In a takeover, an outside or inside investor acquires managerial control of a corporation by acquiring enough common stock and stockholder votes to control the board of directors, and thereby control management. The adjective hostile (as opposed to friendly) indicates that the takeover is not welcomed by management and frequently indicates that one objective of the takeover is to replace management.
Raider is a pejorative term used to describe a firm or individual who specializes in hostile takeovers. Raiders commonly identify firms as takeover targets when those firms are believed to be undervalued because managers are not acting in the stockholders’ best interests. For example, managers of some conglomerates could increase stockholder value by selling pieces of the conglomerate that are not synergistic with other pieces.

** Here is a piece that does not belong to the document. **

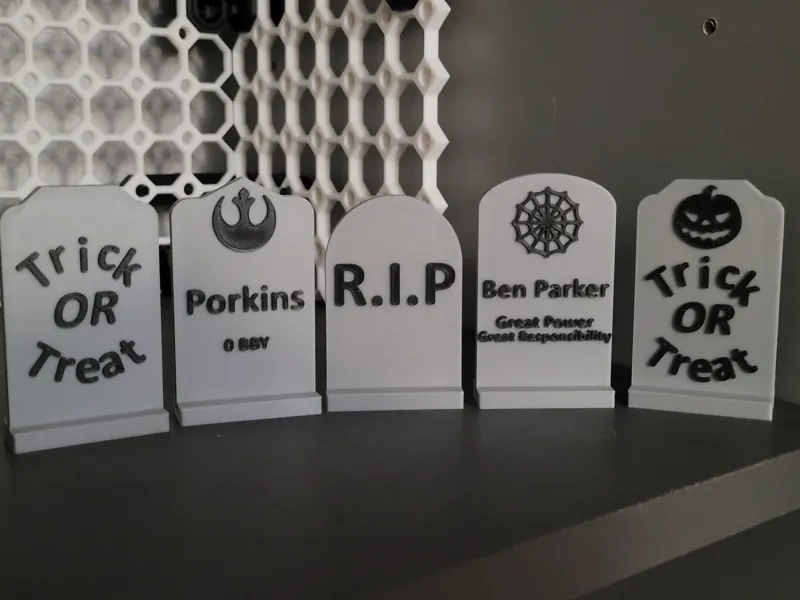 Custom Halloween Gravestone - OpenSCAD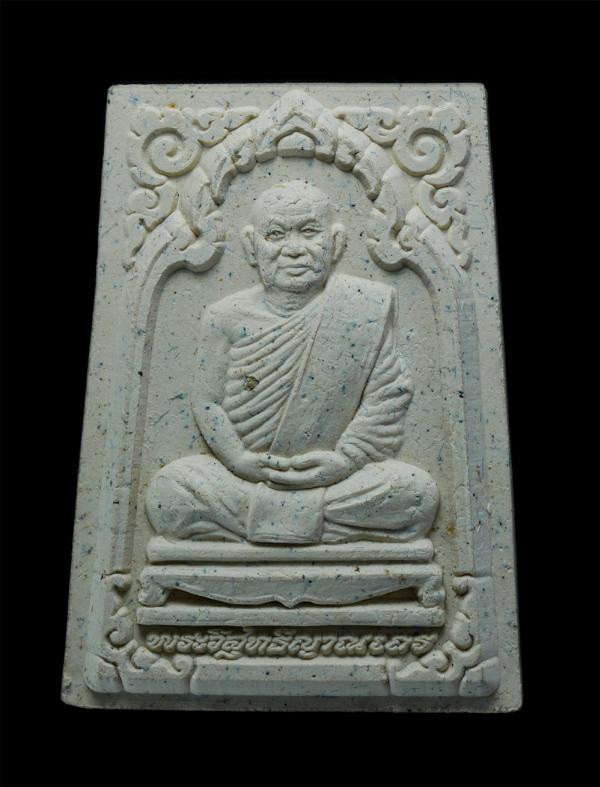 พระผงพุทธคุณรูปเหมือนหลวงพ่อสมชาย ฐิตวิริโย วัดเขาสุกิม จ.จันทบุรี รุ่นฉลองครบรอบอายุ 72 ปี พ.ศ. 2540 หลังยันต์ เมตตา ปลอดภัย ร่ำร [..] | https://kamulet.in.th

Takeovers can have either positive or negative effects on existing shareholders and employees, depending on the acquiring firm’s objectives and the actions taken by the management of the target firm. A takeover can represent an attempt to steal value from the existing managers and workers; alternatively, it can represent an effective mechanism to revitalize an organization plagued by ineffective management. In either case, managers have often been permitted to include certain elements in their compensation packages that allow a retention of power in the face of a hostile takeover.

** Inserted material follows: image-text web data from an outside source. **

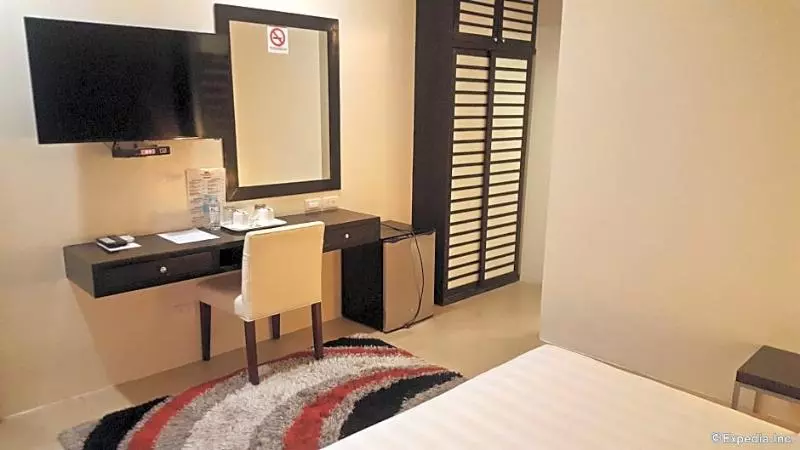 Fotos del hotel Reddoorz Plus Near Robinsons Dumaguete:  18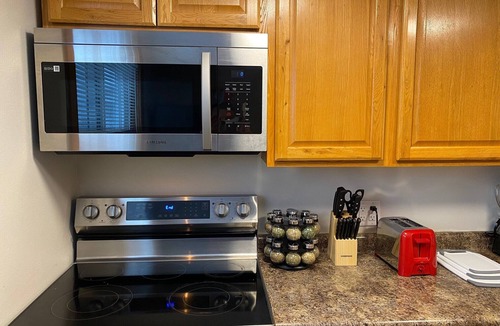 Mount Pleasant House | Cityscape! Pro Cleaned, Self Check In, Sleeps 10
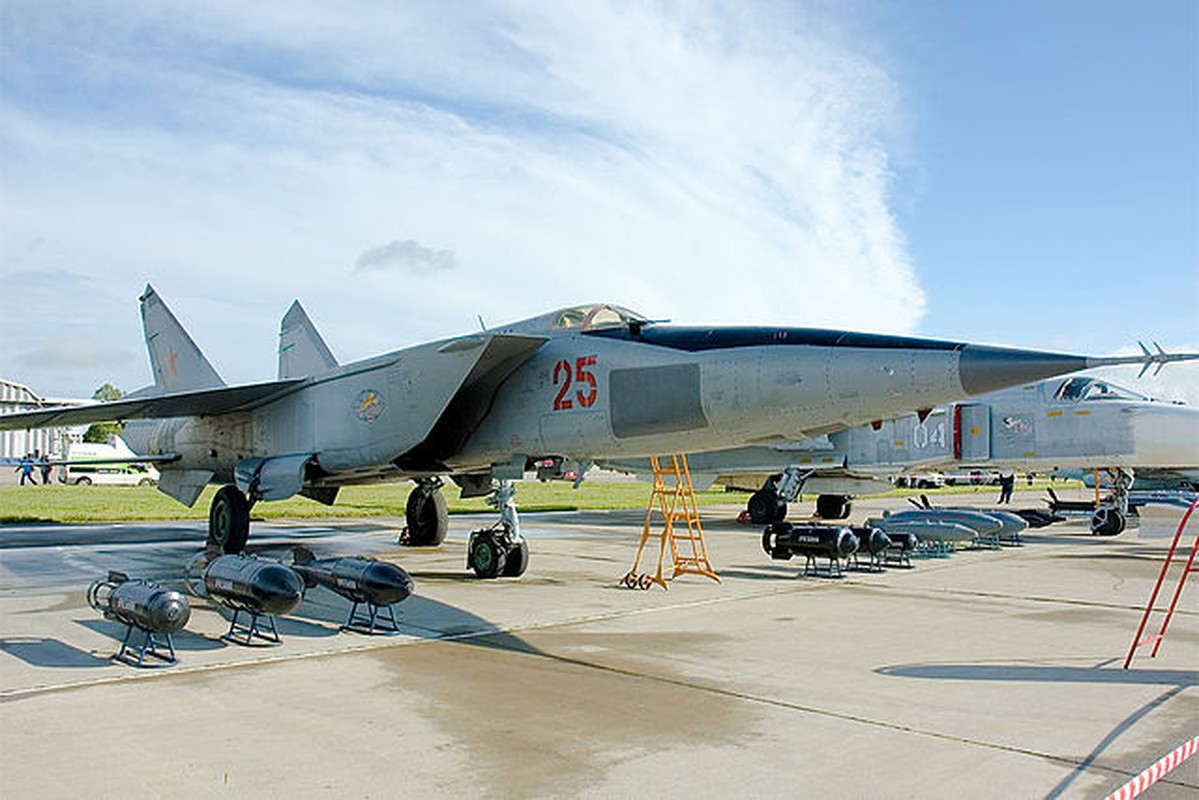 Cach tiem kich MiG-25 tung khien ca NATO hoang loan-Hinh-21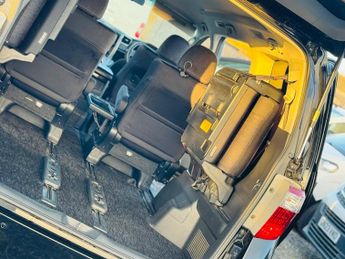 Toyota Alphard SR 2.5 Hybrid AWD 7-Seats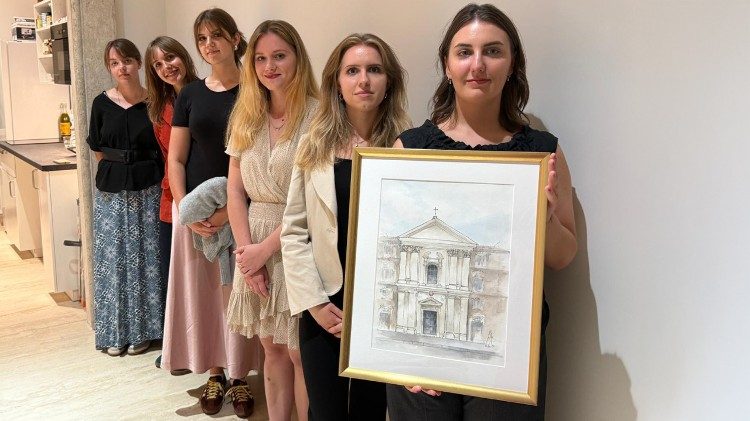 Dziesięcioro studentów w odnowionych pomieszczeniach znajdzie miejsce odpoczynku i rozwoju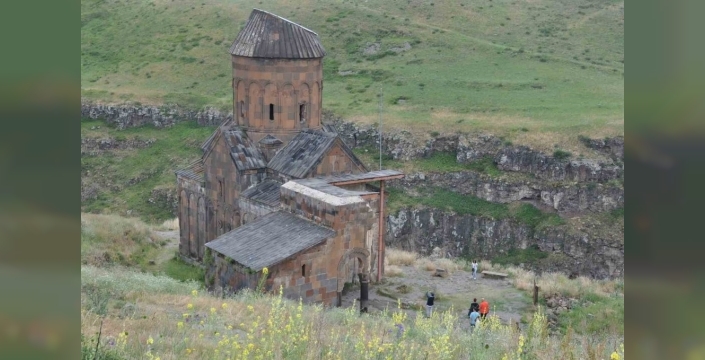 Binlerce yıllık tarihin sessiz tanığı Ani Ören Yeri, ziyaretçilerini büyülüyor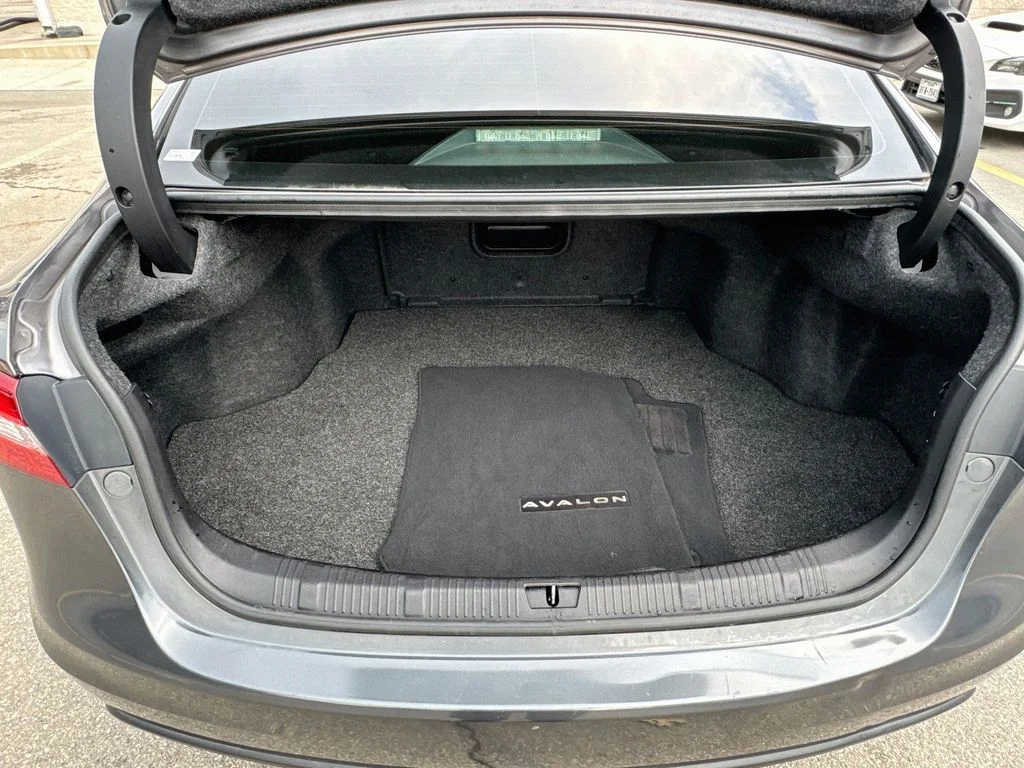 Used 2013 Gray Toyota XLE image 33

One compensation device that has helped discourage takeover attempts and protect managers is the golden parachute, which is a benefits package payable to incumbent managers if those managers are terminated following a successful hostile takeover (or in some cases a friendly merger). Both the ethical and incentive effects of golden parachutes are difficult to assess. Some proponents argue that golden parachutes serve stockholder interests because “top managers are free to devote their attention to serving the interests of existing stockholders in the face of a takeover threat. These parachutes are viewed as providing managers with financial protection that will keep them unbiased in their actions, regardless of the outcome. However, critics view the golden parachute as a means for entrenched managers to protect themselves in the event they are ousted. Proponents of this perspective are offended by the notion that managers who mismanage and create the conditions that originally attracted a takeover effort should profit by a takeover designed to remove those same managers for inept performance.
Golden parachutes also have taxation issues. When these devices were first introduced, corporations were allowed to deduct the payments as normal business expenses. Such deductibility was affected significantly by the 1984 Deficit Reduction Act, which added a 20 percent excise tax on amounts received by an executive that are in excess of three times a five-year average salary. Although many companies have agreed to pay this tax as part of a manager’s severance package, a corporate deduction is disallowed for the excess payment.